# DFW Train-ing ride



## Dave Hickey (Jan 27, 2002)

About 6 weeks ago a group of DFW area riders came up with the idea of getting the Dallas area and Fort Worth area riders together for a group ride. What made this ride different is we decided to have the Dallas area folks ride the train to Fort Worth and as a group, we'd all ride to from Fort Worth to Dallas. The Fort Worth area riders would then take the train back home.

The ride ended up being right at 60 miles. We had a total of 9 riders. Chris H created some fantastic spoke cards for the event. The RBRers in attendance were:

Innergel
Chris H
Bluechip( he wins the award for longest distance traveled- He drove in from Houston)
633
RoyIII
Jeffn
nonsleepingjon
Dave Hickey

Most of the riders were on fixed gears...The Dallas group boarded the 8:30 train and arrived at Fort Worth at 9:30. After introductions, we headed toward Dallas at about 9:45
We stopped for lunch at about the 40 mile mark in Los Colinas. We ended up arriving at White Rock Lake about 3:15. 

The weather was perfect and the route worked out fantastic. We tried to avoid heavy traffic areas and succeeded as best you can in a metropolitan area of 5 million people..

Many thanks to all the helped organize the ride and to all that attended.

Here are a couple of pics

1. The FTW group waiting for the Dallas riders to arrive
2. nonsleepingjon, 633 and bluechip at a rest stop


----------



## Dave Hickey (Jan 27, 2002)

Taking a break in Los Colinas

Taming the Mustangs


----------



## Dave Hickey (Jan 27, 2002)

Our group picture

and our high dollar lunch stop at a gas station....


----------



## Dave Hickey (Jan 27, 2002)

A couple of the bikes

The bikes tucked in for the train ride back to Fort Worth


Thanks to all that made this happen. We will do it again


----------



## Dave Hickey (Jan 27, 2002)

Chris H's spoke card he created for the ride...


----------



## Jeff in Texas (Mar 17, 2006)

Sorry I couldn't make it. But I had to work today. About what time did y'all stop in Las Colinas?


----------



## MB1 (Jan 27, 2004)

That looks like fun (and your red and white sweetness in beautiful).


----------



## JeffN (Sep 19, 2006)

*Looking forward to next time*

Thanks for the pics Dave!

I too had a great time on the ride today. I want to thank everyone who put it together since I feel like I just tagged along for the ride. I look forward to doing something like this again.


----------



## Chris H (Jul 7, 2005)

I had a blast on this ride. Next time I might bring a geared bike. Will make it easier to keep up with the gearies.

It was great to meet up with everyone. I can't wait for the next one!


----------



## Dave Hickey (Jan 27, 2002)

JeffN said:


> Thanks for the pics Dave!
> 
> I too had a great time on the ride today. I want to thank everyone who put it together since I feel like I just tagged along for the ride. I look forward to doing something like this again.

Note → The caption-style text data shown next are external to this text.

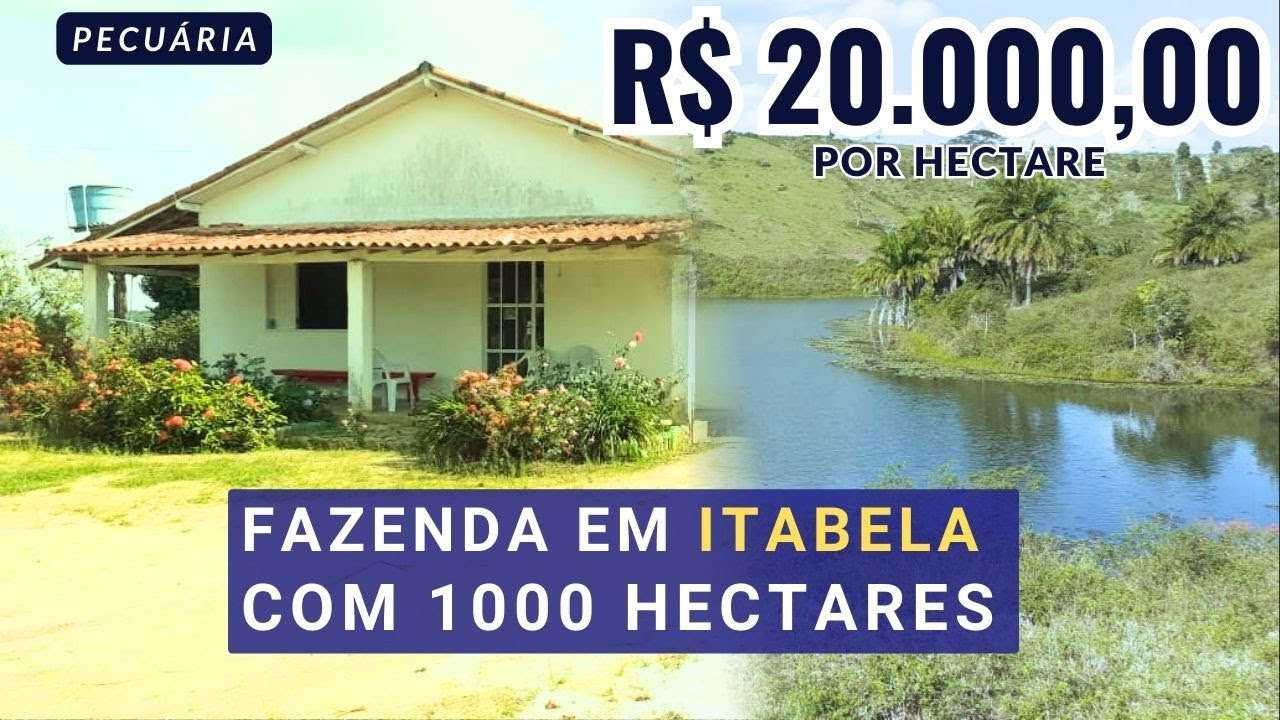 💧 Fazenda 1000 Hectares ITABELA-BA: MUITA ÁGUA (2 Córregos + 21 Represas!) - R$20 Mil/ha! 💧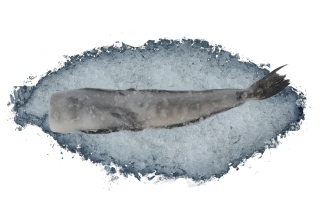 Kergelena 2KG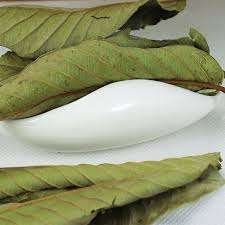 Feuilles de goyave séchées de haute qualité fabriquées au Vietnam - Product Image 3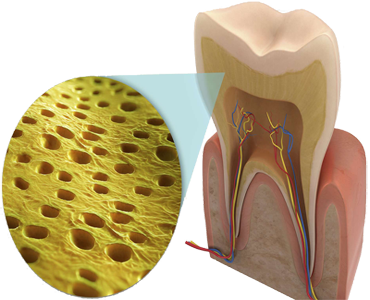 Diente Dentina Hueso Dental Anatomia Mesodermo Nuevo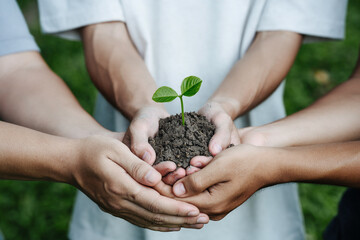 A group of volunteers holds a small tree in their hands for Plant. Concept of world environment...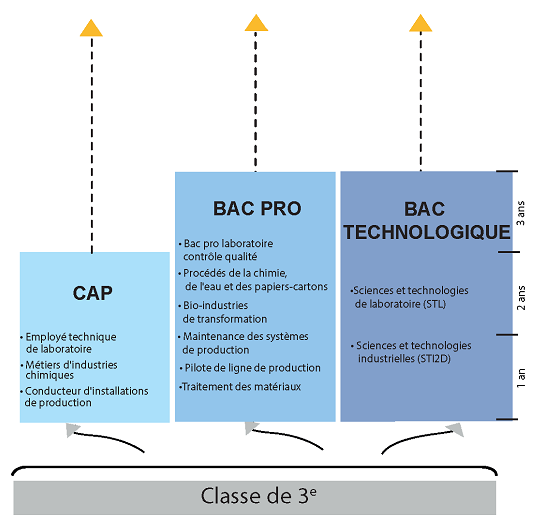 Parcours de formation : BAC Pro / BAC général ou technologique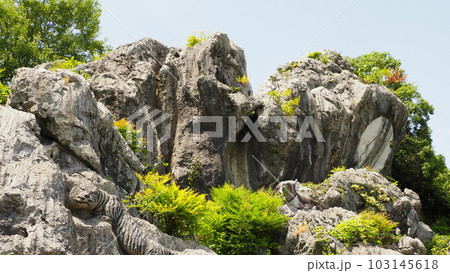 岐阜県大垣市 岩巣公園 103145618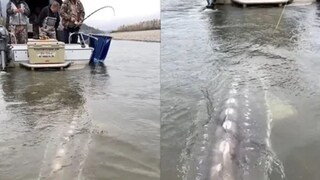 বঁড়শি যা গাঁথল, সেই ভিডিও দেখলেও থ' হয়ে যেতে হয়!(Photo/@AMAZlNGNATURE)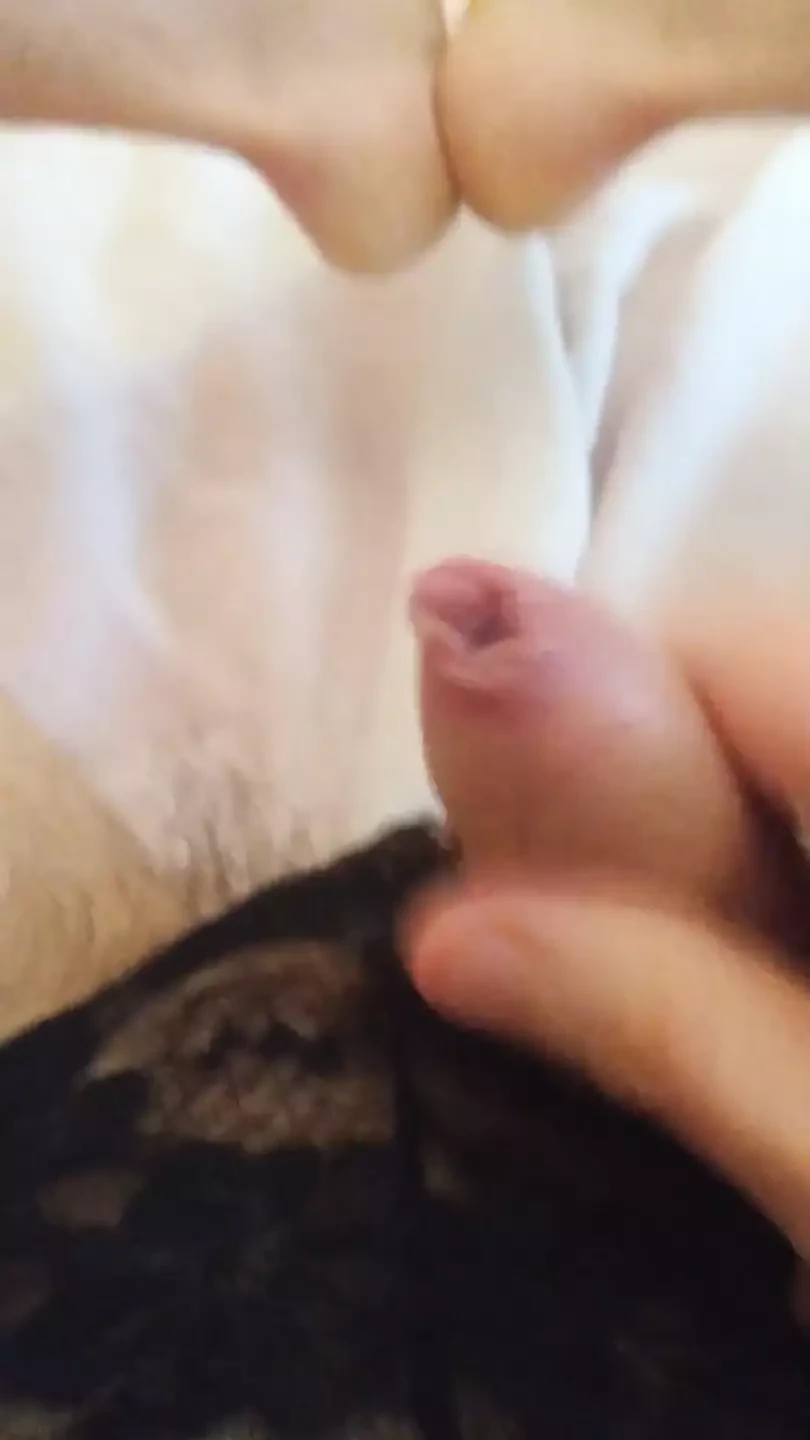 Enorm spermasprut Sissygasm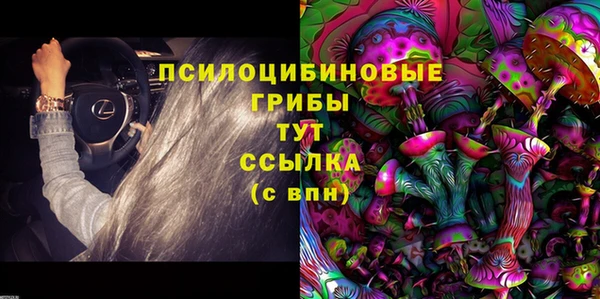 индика Новый Уренгой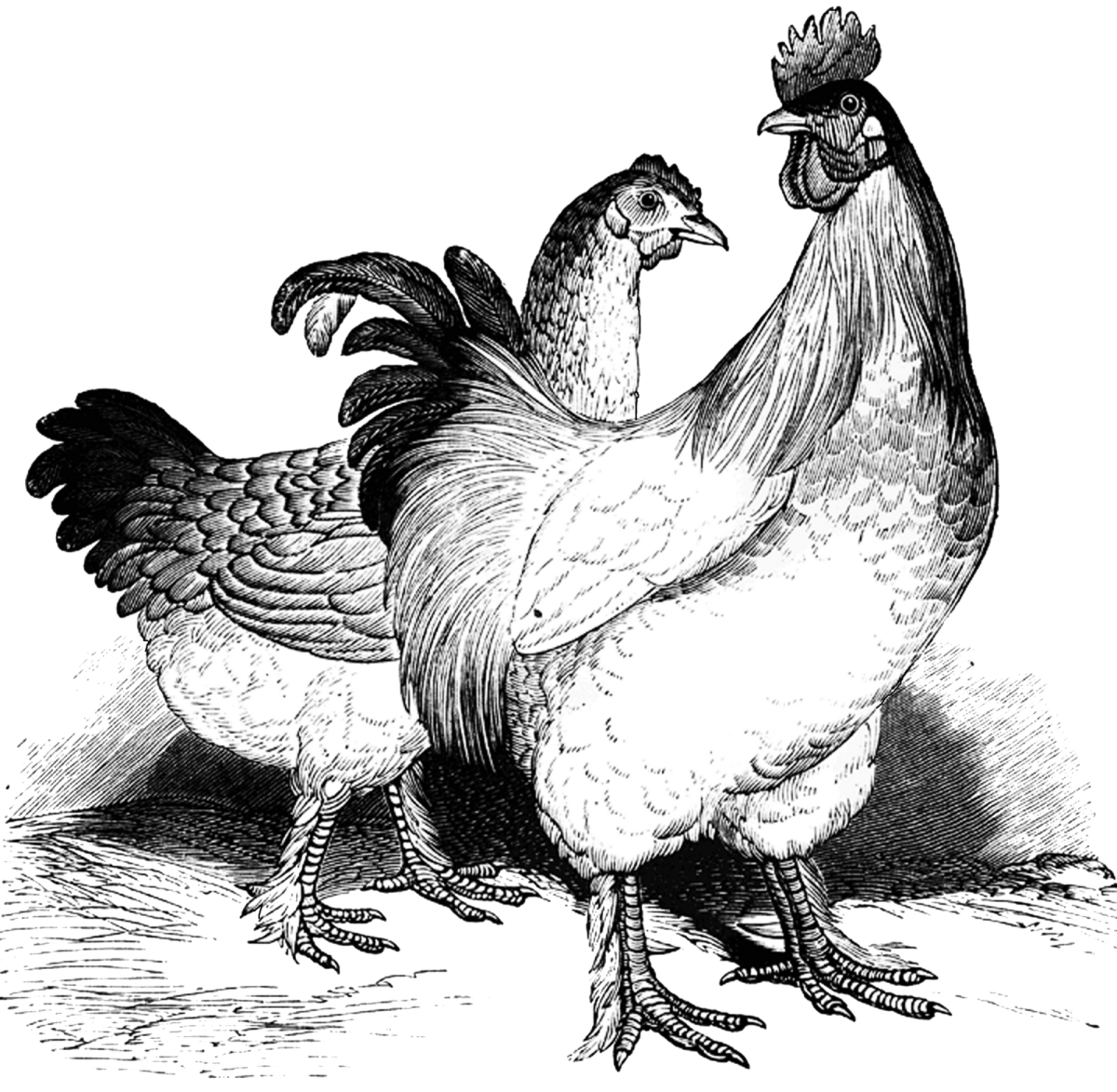 Курица рисунок карандашом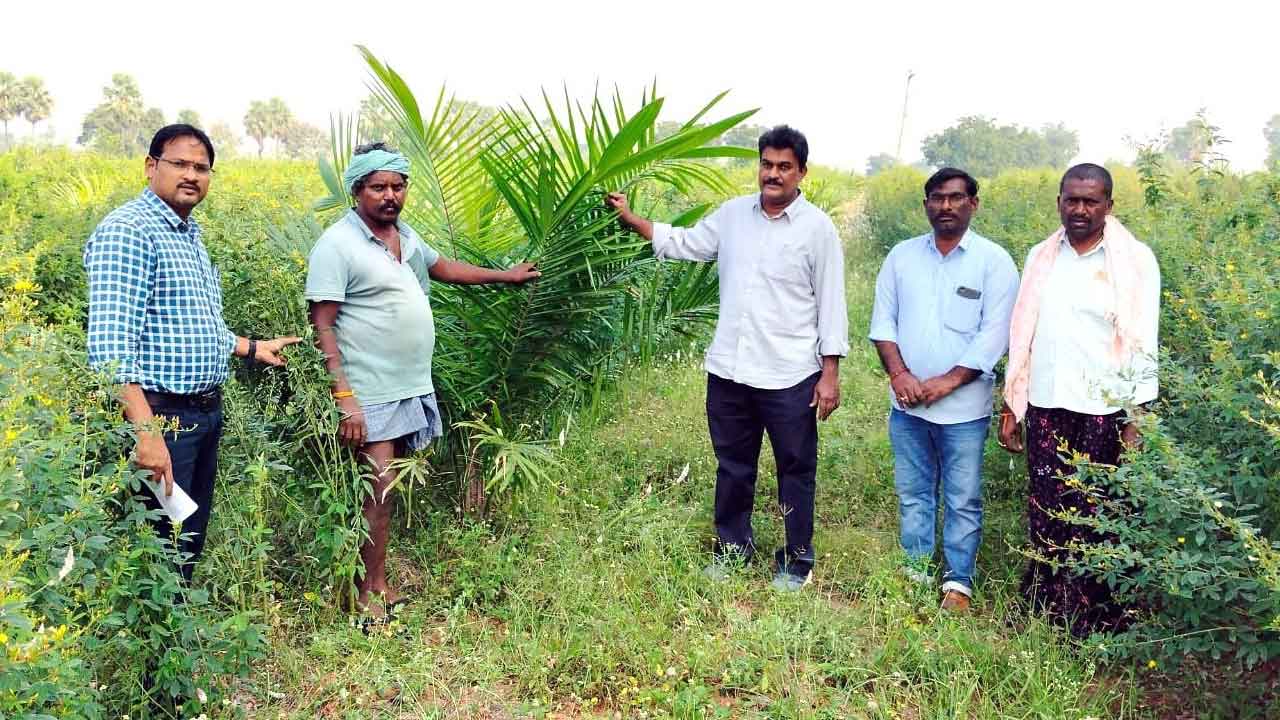 సమీకృత వ్యవసాయానికి పామాయిల్‌ తోటలు ఉపయోగకరం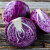 美邻惠享家山东新鲜紫甘蓝紫包菜球5斤装轻食沙拉蔬菜源头直发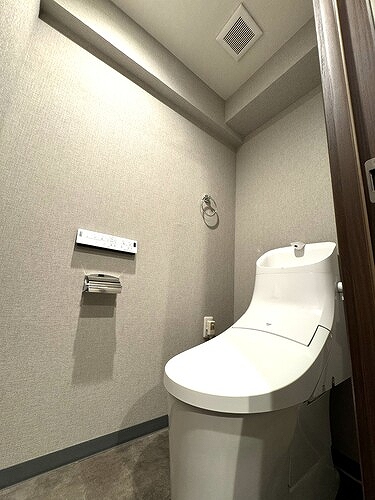 ライオンズマンション調布国領2階 トイレ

Hopefully I'll see you in Austin at the LiveStrong ride...Thanks for coming....


----------



## JP (Feb 8, 2005)

Hey that's really cool. Any time you have a card made up, it's got to be good.


----------



## culdeus (May 5, 2005)

Sounds great, sorry I couldn't make it. Lets try going in the other direction in the fall sometime?


----------



## rule (Dec 2, 2004)

Good times! Nicely done all.


----------



## nonsleepingjon (Oct 18, 2002)

Chris H said:


> I had a blast on this ride. Next time I might bring a geared bike. Will make it easier to keep up with the gearies.
> 
> It was great to meet up with everyone. I can't wait for the next one!



Are you kidding me? I needed gears to keep up with the fixtes! 

Great ride, let's do it again some time. I should be recovered from this one in a month or two...


----------



## 633 (Feb 10, 2004)

It was a fun ride until I had to split off in Las Colinas. Flatted as I was heading for the train to make it back for my son's ball game. Got the flat fixed, but missed the train by 6 minutes. With the Saturday train schedule, next one wasn't for an hour and a half. I didn't know that part of Irving, but figured if I pointed the bike west, I'd be heading the right direction. Finally rolled in about 5 minutes after Daniel's game ended. 64 miles total, after my long for the year was 35 so far. I'm moving a little slow today.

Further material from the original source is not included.